I enjoy searching for physical explanations for what we observe in the Universe. My interests range over the formation of galaxies and their large-scale distribution in space, the composition and evolution of the universe as a whole, observations of the intergalactic medium that help us understand the distribution of matter in space, the physics of active galactic nuclei and the formation of massive black holes, and gravitational lensing as a probe to the space distribution and the nature of dark matter. Over the last few years I have focused on the study of the large-scale distribution of intergalactic gas with the use of quasar spectra from the Baryon Oscillation Spectroscopic Survey of the SDSS-III Collaboration, where absorption in the Lyman alpha line of hydrogen gas is observed. This is revealing crucial clues on both the initial conditions of the Universe and the formation of galaxies. Among other things I have worked on Damped Lyman Alpha Systems, which are clouds of hydrogen gas that we observe in these quasar absorption spectra and are in the process of forming galaxies, and also on diffuse Lyman Alpha emission from galaxies and the intergalactic medium.

Selected publications

– Croft RAC, Miralda-Escudé J, Zheng Z, Bolton A, Dawson KS, Peterson JB, York DG, Eisenstein D, et al. 2016, ‘Large-Scale Clustering of Lyman-Alpha Emission Intensity from SDSS/BOSS’, Monthly Notices of the Royal Astronomical Society, vol. 457, pp 3541.
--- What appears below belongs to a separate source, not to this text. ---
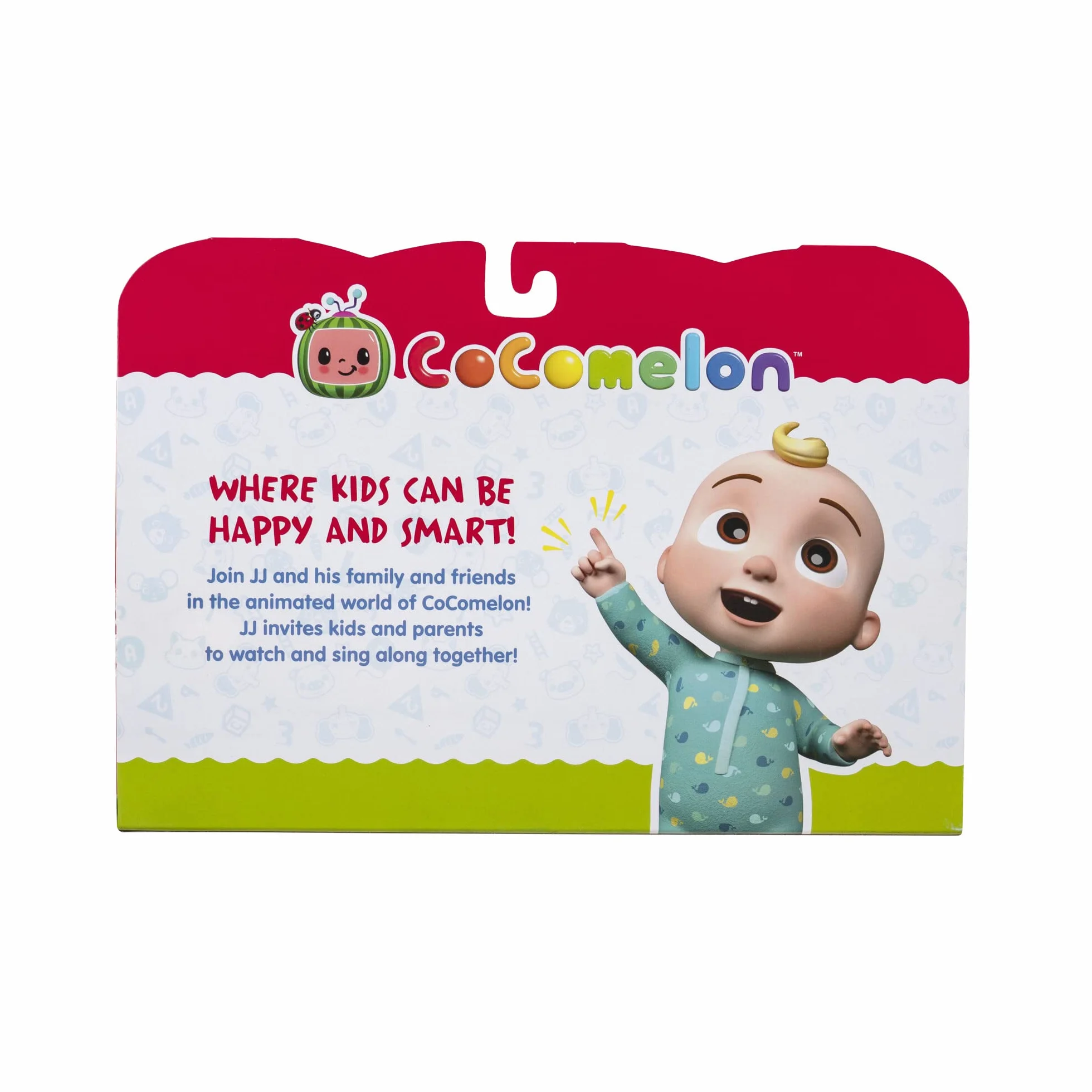 CoComelon CMI0010 - rodzinny zestaw 4 figurek, oficjalne figurki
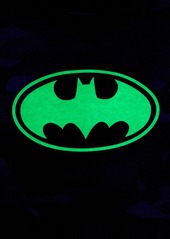 babyGap &#124 DC&#153 Batman 100% Organic Glow in the Dark PJ Set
– D’Odorico V, Cristiani S, Pomante E, Carswell RF, Viel M, Barai P, Becker GD, Calura F, Cupani G, Fontanot F, Haehnelt MG, Kim T-S, Miralda-Escudé J, Rorai A, Tescari E, Vanzella E, ‘Metals in the z~3 intergalactic medium: results from an ultra-high signal-to-noise ratio UVES quasar spectrum’, Monthly Notices of the Royal Astronomical Society, vol. 263, pp 2690-2707


Selected research activities

I am participating in the WEAVE astronomical spectroscopic survey that will be carried out at the WHT Observatory in the Canaries, to continue my research with quasar absorption spectra. I am also starting new research on the nature of dark matter through the use of gravitational lenses and stellar streams of stars produced by tidal disruption of dwarf galaxies.